Two teenage misfits embark on a hilarious, very awkward, and often very sweet journey to get the “complete” high school experience before they graduate, with some unexpected results. Amy and Molly are overachievers in every way, and they’re also wildly unpopular. After discovering that many of their peers (who, unlike them, did party and have fun throughout high school) got into equally prestigious colleges, the friends wish they’d spent more time enjoying themselves. To compensate, they make a pact to go to a party or two and let loose. For Molly, that means flirting with her crush Nick and trying to let go of her need to control. For Amy, that means an unexpected romantic connection and the chance to be a “hero” to her classmates.
LGBTQ+ Movies: "A Fantastic Woman"
This acclaimed Chilean film won the Oscar for best foreign language film in 2018. Marina, a young transgender woman, works as a waitress and singer in Santiago, Chile. Her life is turned on its head when her older boyfriend suffers a fall and a fatal aneurysm. When his family swoops in, Marina finds herself being disrespected by them and by law enforcement, subjecting her to indignities big and small as they insinuate things about her relationship. All this time, she’s just trying to grieve her partner, put her life back together, and perhaps even fulfill her dreams of being an opera singer.
LGBTQ+ Movies: "God's Own Country"
On a remote sheep farm in England, Johnny finds himself bearing most of the responsibilities of his family farm, with his grandmother getting too old and his father suffering a stroke.
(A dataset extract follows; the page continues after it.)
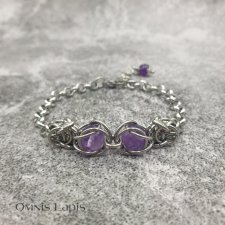 Bransoletka chainmaille łańcuch - tajemniczy ametyst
He tries to hide his frustrations in drinking and in meaningless, secret hookups with other men. When his family hires Gheorghe, a Romanian migrant worker, to help with lambing season, Johnny is drawn to the newcomer, who has a very different view on both life and relationships. As the two men discover the depths of their bond, they struggle with what it means and what the future could look like for them.
LGBTQ+ Movies: "Rocketman"
The true life story of legendary musician Elton John gets the campy musical treatment in this biopic musical set to his own catalog of iconic songs. The movie traces how young Reginald Dwight came to love music and tried unsuccessfully to get his parents’ affection, then grew up to try his hand at a music career. Teaming up with a lyricist named Bernie Taupin proves to be the perfect creative partnership, and a much-needed supportive friendship as Elton grows more comfortable being openly gay. Unfortunately, his personal relationships are much less successful and he has a weakness for the party scene that comes along with his fame and fortune. It takes hitting rock bottom before he finally pulls himself together and learns to love himself the way he deserves.
LGBTQ+ Movies: "A Single Man"
In the 1960s, middle-age professor George lives in Los Angeles, still grieving over the death of his longtime partner in a shocking car crash. George hides a secret from the few people still close to him: he’s planning to end his own life, feeling completely lost after his partner’s death. As he goes about his life and tries to set his affairs in order, he flashes back to memories of their relationship over the years. He also crosses paths with a few other people, from friends to total strangers, who give him pause and might make him reconsider his tragic decision.
LGBTQ+ Movies: "The Adventures of Priscilla, Queen of the Desert"
Two drag queens and a trans woman journey across Australia in a memorable tour bus in this road trip comedy. Drag queen “Tick” is headed to perform at a resort managed by his ex-wife, and along for the ride are Adam, a flashy and younger drag queen, and Bernadette, a grieving trans woman. As they journey across the desert, they meet a variety of people, some very accepting, some very much not. All three members of the group find themselves having to deal with the issues they’ve kept to themselves, supporting each other and hoping that everything works out for the best.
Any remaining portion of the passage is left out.